________________ CM . . . . Volume VI Number 4 . . . . October 15, 1999

cover The Un-Canadians.

Len Scher (Director). Joanne Muroff Smale and Michael Allder (Producers).
Montreal, PQ: Joanne Smale Communications and the National Film Board of Canada, 1996.
72 min., VHS, $39.95.
Order Number: 9196 078

Subject Headings:
Canada-Politics and government-1945-1980.
Anti-Communist movements-Canada-History-20th century.
Internal security-Canada-History-20th century.

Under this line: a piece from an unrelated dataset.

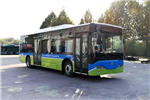 豪沃JK6106GBEVQ8公交車（純電動(dòng)20-36座）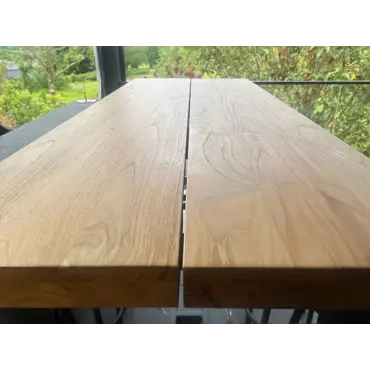 Nevada Bar Set - Certified Teak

Grades 10 and up / Ages 15 and up.
Review by Katie Cook.

**.5 /4

In the late 1940s through the early 1970s, one million Canadians were investigated by their own government through an arm of the RCMP called "The Security Panel." During this time, 800,000 files on ordinary Canadians were created by this organization. The Communist "witch-hunts" in the United States are well-known, and they even gave the English language a new word, "McCarthyism." Based on Len Scher's book, The Un-Canadians, this film looks at a little-known period of Canadian history and at the devastation that such secret government policies can have on individuals, families, and the community. Using in-depth interviews, archival footage and frighteningly revealing government documents, Scher brings to life this time in Canada's history. The archival footage is seamlessly woven into the narration and the interviews. Particularly interesting are the clips that show how this Cold War fear coloured our lives. To this end, the Atomic bomb related "Duck and Cover" footage is wonderfully enlightening. Equally interesting (and frightening) are the clips of Quebec's Premier Maurice Duplessis and his restrictive "Padlock Law." At times, however, the interviews drag, and this film could have been shorter. One serious drawback is that its length does not correspond to most standard high school class periods. Nonetheless, this film can be shown in parts very effectively, thereby giving today's students who did not live through the Cold War an interesting insight into the mentality of our governments of that period. This video would be especially useful in a Canadian history class as it chronicles a time in our history that is amazingly absent in our textbooks.


Katie Cook is a social studies teacher and a teacher-librarian at the Steinbach Regional Secondary School in Steinbach, MB.